I just saw that today and thought about posting it 

Ruger really does seem to be listening to the users 

the only thing I would like to see gone is the magazine disconnect but I guess that is much less of an issue since they figured out how to get positive mag ejection with it in 

my first question was I wonder if they changed the hammer and sear or if the MkII MkIII after market trigger, sear , hammer kits still fit 

I do like the improved shape and placement of the safety yeah it's kind of embarrassing to forget to slide the safety off at a bowling pin shoot when you switch to rimfire 

the MKIII did get a lot easier/faster to disassemble when you replaced the mag disconnect parts with the MKII hammer bushing form Volquartsen 

but this looks better yet

I wonder if they will make it int he 22/45 grip angle ?

people are playing more pistol games besides bullseye , and the pistols are now starting to make more options to the game like timed reloads in a rimfire game.


----------



## fordy (Sep 13, 2003)

...............Too bad they don't make it in 22 mag ! , fordy


----------



## GREENCOUNTYPETE (Jul 25, 2006)

fordy said:


> ...............Too bad they don't make it in 22 mag ! , fordy



they want to remain being known for their quality guns that work reliably.

not a failure that is ammo sensitive at best.

if you want a 22mag in a pistol get a 22TCM they work reliably and have more energy than a 22mag from a short barrel will.
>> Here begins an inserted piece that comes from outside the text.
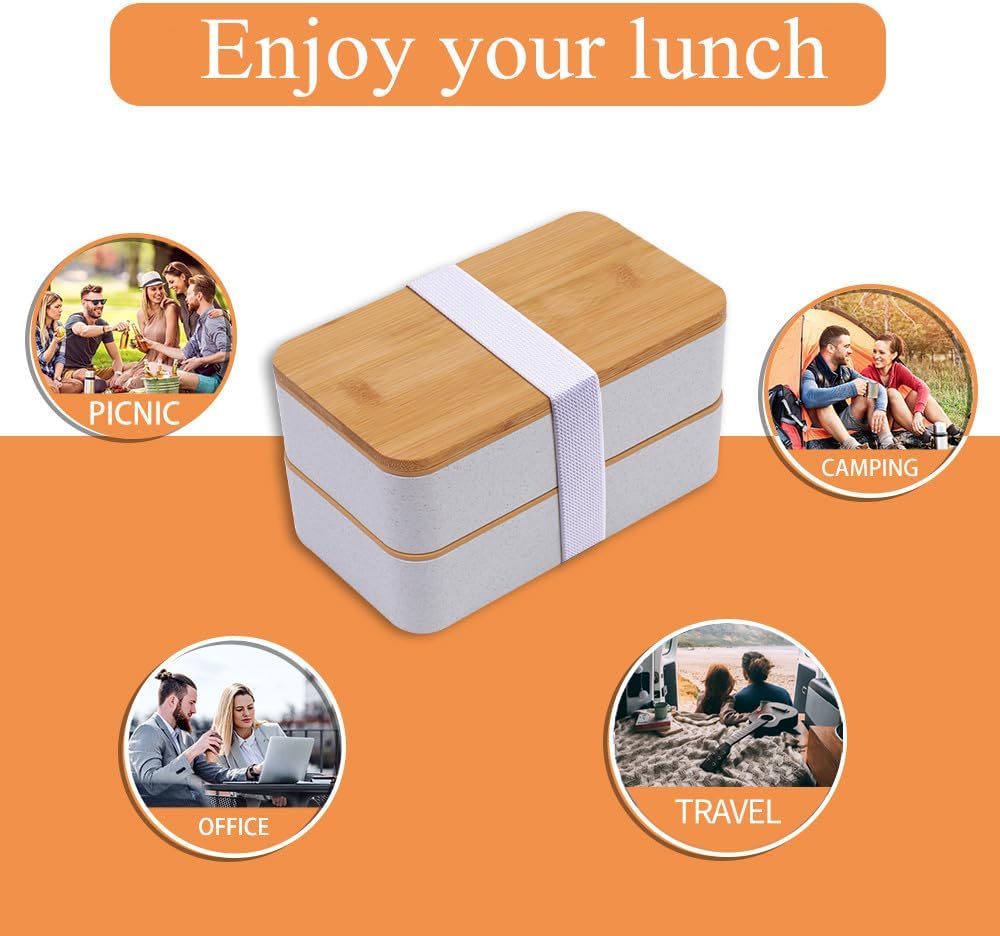 Japanese Bamboo Bento Box with Compartments and Utensils Stackable Lunch Box Includes Lunch Bag for Meal Prep Beige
or just use stingers in real testing the CCI Stingers are almost 22 mag from a 5 1/2 inch barrel there is just a limit to how much powder you can burn in 5 1/2 inches 6 is a slight improvement but you need to get to 10 inches of burn time to have real 22 mag velocity 

http://www.ballisticsbytheinch.com/22mag.html


----------



## Fishindude (May 19, 2015)

Nice addition to an already nice pistol.
I'm a big fan of Ruger stuff, however I wish they would stay out of the low budget rifle market (Ruger American) and just stick with their model 77.


----------



## Cornhusker (Mar 20, 2003)

I saw a review 22Plinkster did on YouTube
I think I need one of those.
The MSRP is kinda high, but retail is seldom as high as MSRP.


----------